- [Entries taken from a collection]
= Beginning of Section =

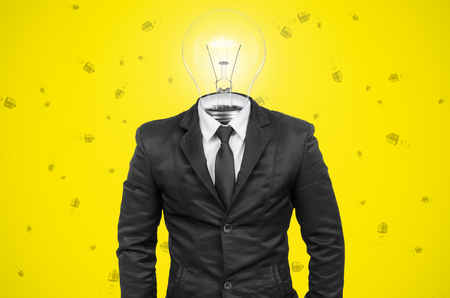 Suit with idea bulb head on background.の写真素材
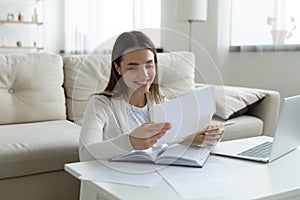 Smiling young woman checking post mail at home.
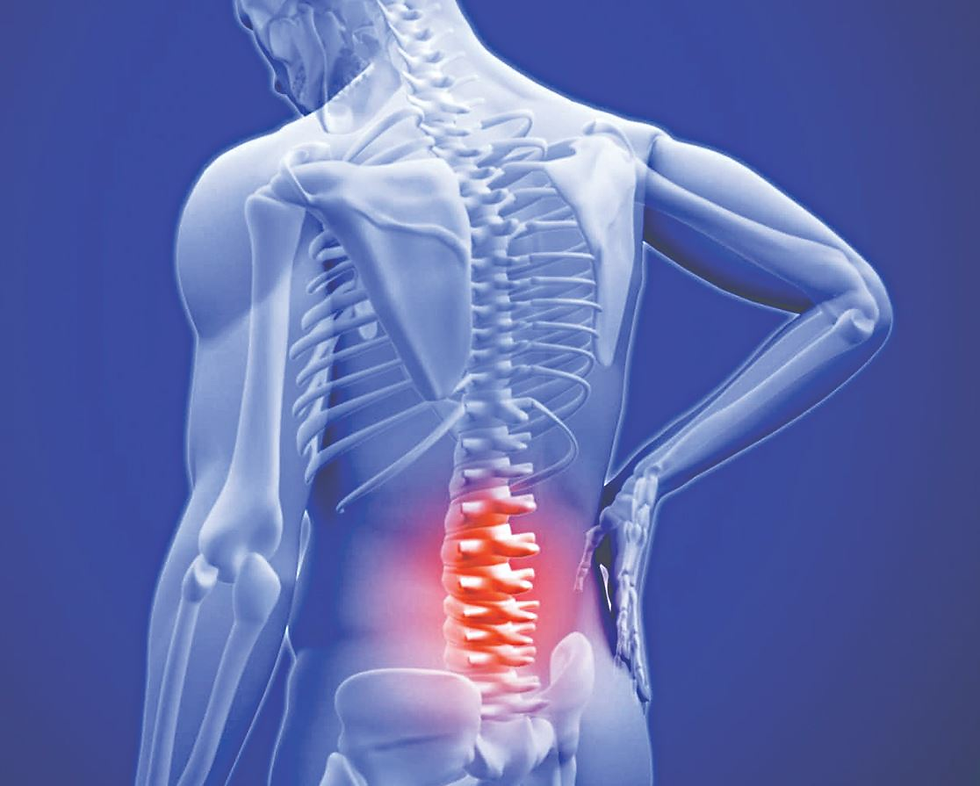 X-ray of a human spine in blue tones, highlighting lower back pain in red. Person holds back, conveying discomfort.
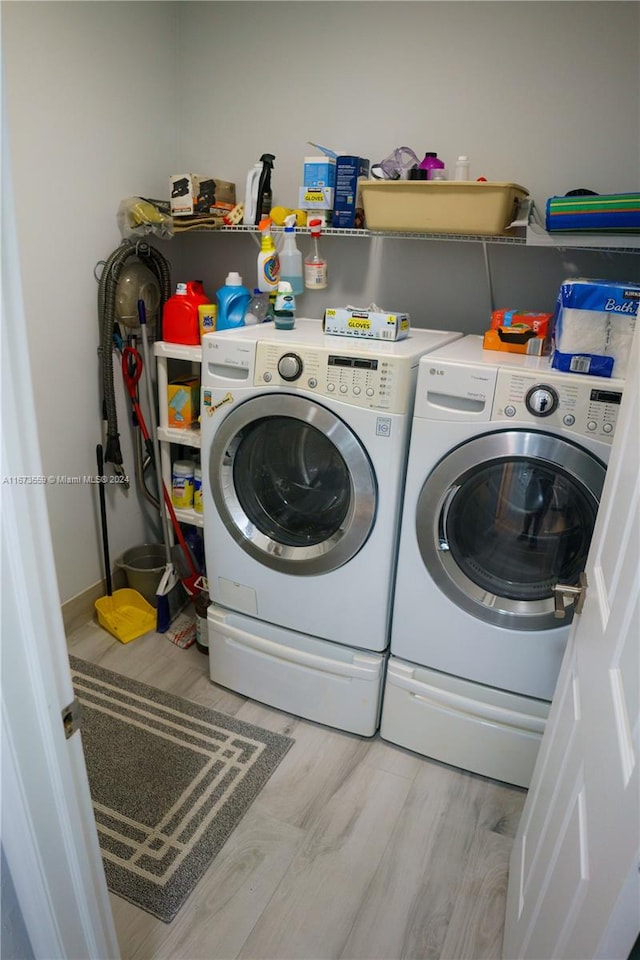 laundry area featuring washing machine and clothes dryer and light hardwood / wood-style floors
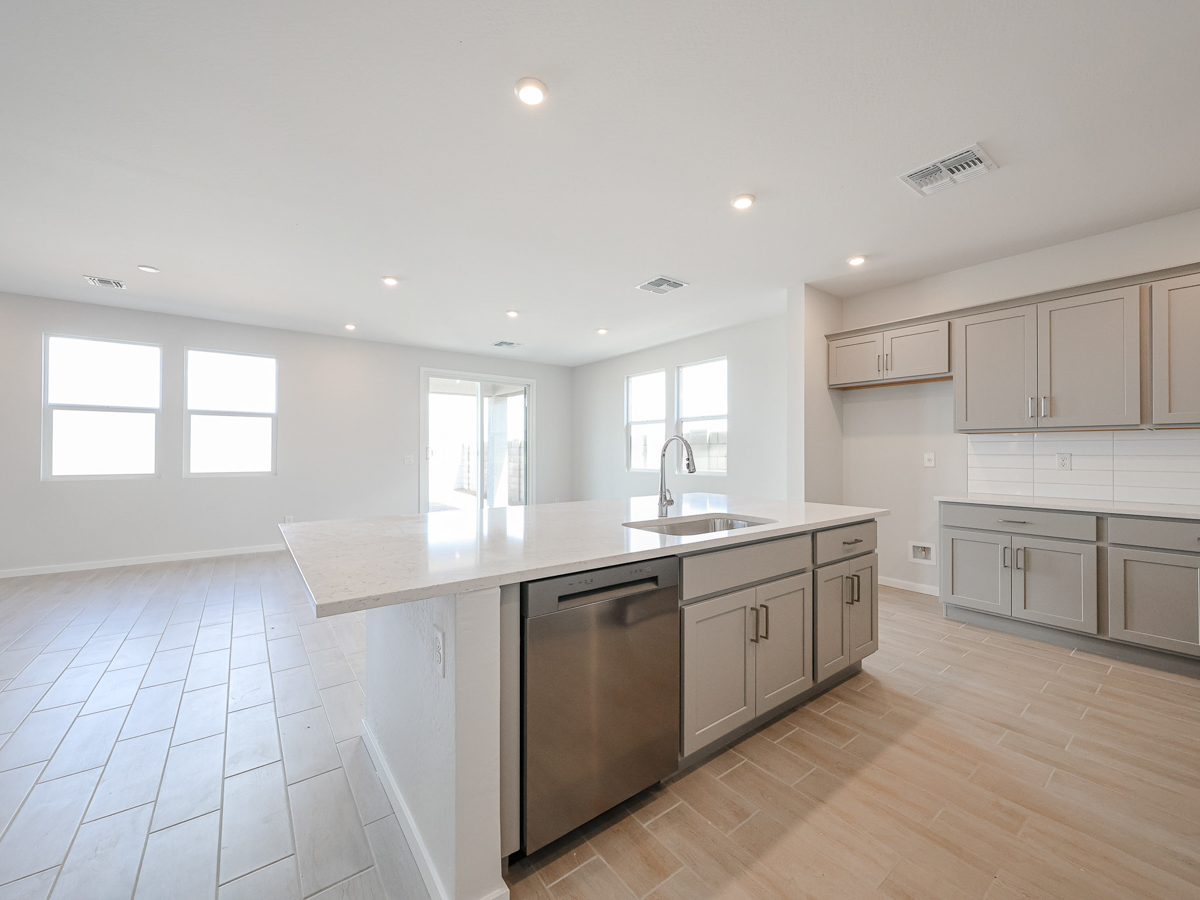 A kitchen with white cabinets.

= End of Section =

- [What you need to do] Please, leaving out all pictures, transcribe exactly the lines above from the one containing "X-ray of a human" through the final line, both included.

- [Completed task]
 X-ray of a human spine in blue tones, highlighting lower back pain in red. Person holds back, conveying discomfort.
 laundry area featuring washing machine and clothes dryer and light hardwood / wood-style floors
 A kitchen with white cabinets.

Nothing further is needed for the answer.